I am interested to know what your (and perhaps others) opinion is of sexy/nude photographs of one’s spouse. Clearly these would only be for the viewing and pleasure of the other spouse, but perhaps taken in a professional studio rather than a home setting?
I have written on this subject once before:
My main point I want to be crystal clear about is that this type of decision falls squarely upon the couple themselves.
Assuming both are comfortable, here are some added thoughts:
- Depending on the comfort levels of both spouses, pictures can be taken both at home or in a more professional setting. There are studios that specifically focus on this type of photography and that take appropriate precautions. Things you may want to discuss and be clear about before getting started is who will take the pictures (i.e. does it matter to you as a couple that the photographer be the same gender?), who will be seeing and developing the pictures, how long does the studio keep the photos, what control do you have of what will eventually happen to the photos?

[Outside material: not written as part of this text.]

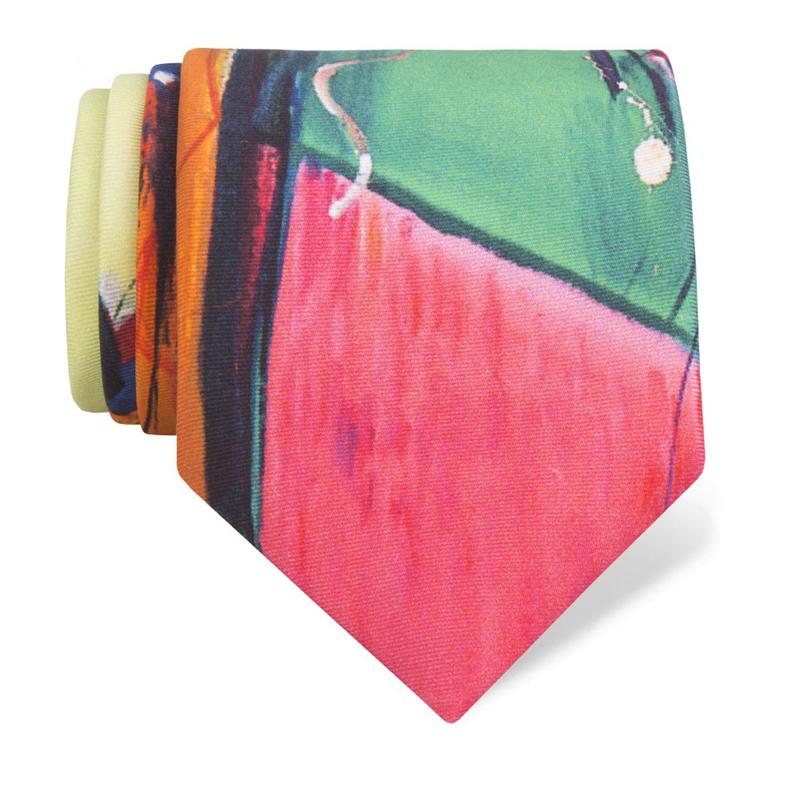 Kravata CROATA Art Tematski Standard Prica Svijetlo zelena  Svila 100%  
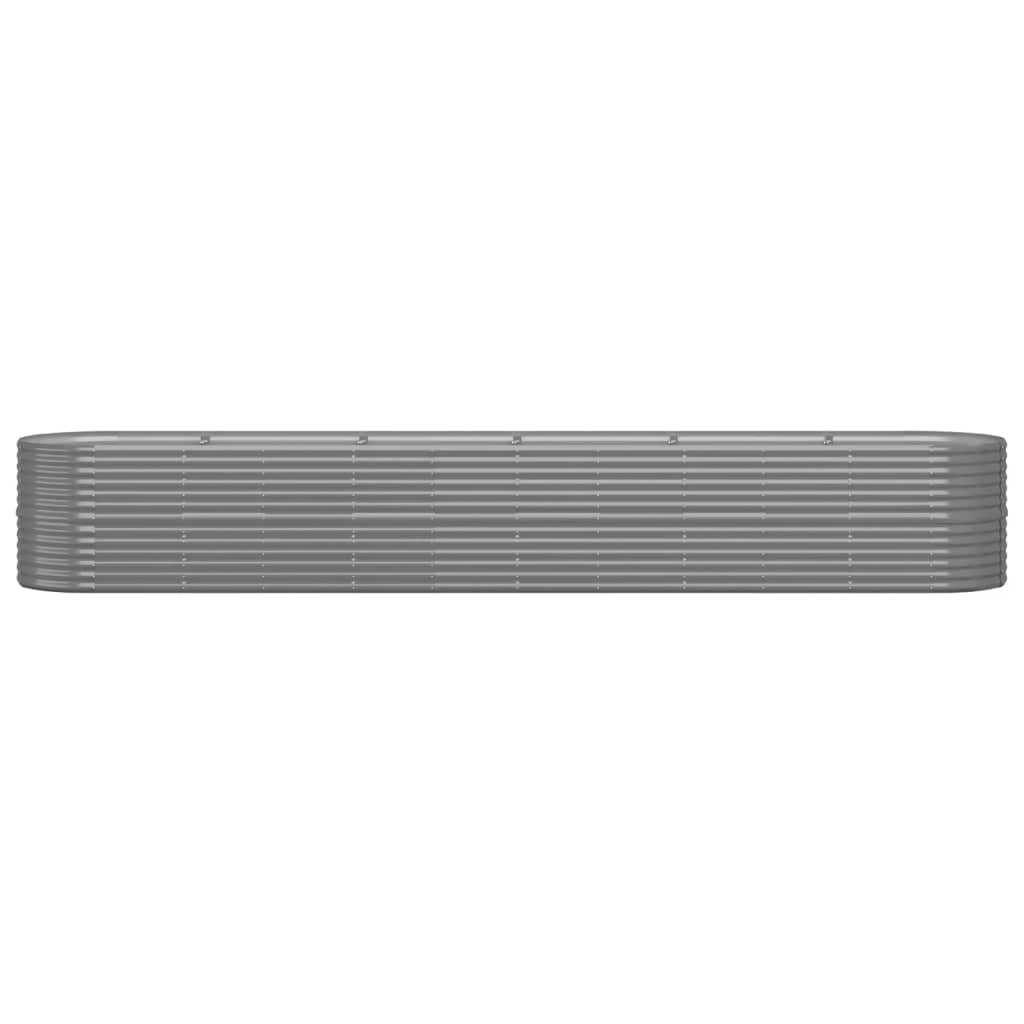 Vidaxl Planning Box 440x80x68 CM Powder -Coated Steel Grey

- If a spouse is uncomfortable having pictures taken completely in the nude, there are other options such as taking photos in special attire (i.e. lingerie, wrapped in sheets, wearing limited clothing) or nude but while covering certain anatomical areas (i.e. breasts or genitals) with your hands/arms, crossing legs and/or positioning the body in certain ways. Again, a good photographer who clearly understands what you want should be able to help you feel comfortable.
- If uncomfortable with the idea of someone unknown taking these types of pictures, have fun being the photographer yourselves. This can be a fun and erotic activity in of itself. Playing with lighting, different poses, different backdrops, and different editing tools (i.e. blurring and softening of backgrounds) can be part of sharing vulnerabilities not previously known. Make sure that you study tips on angles and lighting that help the “attractiveness” of the photos. You want your spouse to like these images of themselves – where both you and he/she can enjoy their best attributes. Hardly anyone looks good under direct or harsh lighting. Take it on as a learning artistic project.

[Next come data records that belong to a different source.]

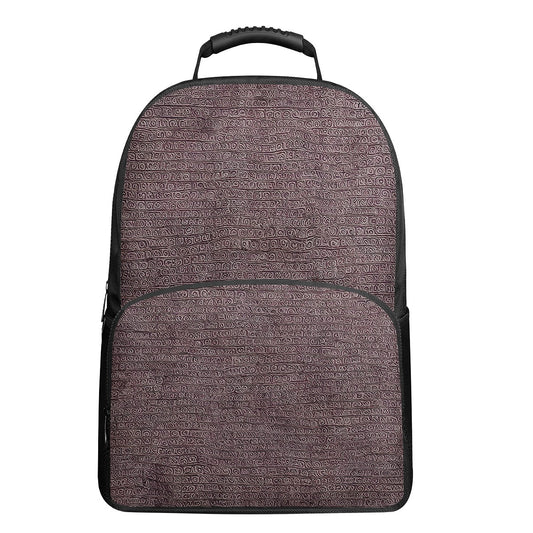 African | Ethnic | Mudcloth | 17 Inch Felt Backpack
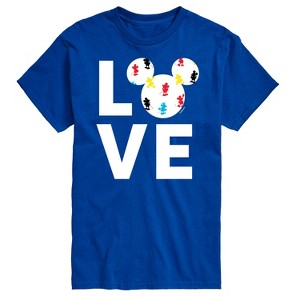 Men's - Disney - Mickey Faces Short Sleeve Graphic T-Shirt - 1 of 4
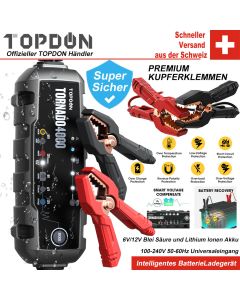 Topdon Tornado4000 Automatische Batterieladegerät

- On a tangent, a developmental time where nudity or partial nudity can be very touching in photography is during pregnancy or while photographing a new baby with parents.
Just because I am open to this being a fun, creative way for a couple to enjoy a form of appropriate erotica – I hope no one would use my opinion to coerce or guilt their spouse with going forward with this type of decision if they are not legitimately comfortable themselves. Doing that will do nothing towards increasing intimacy. And increasing intimacy is the only reason this type of activity should be approached to begin with.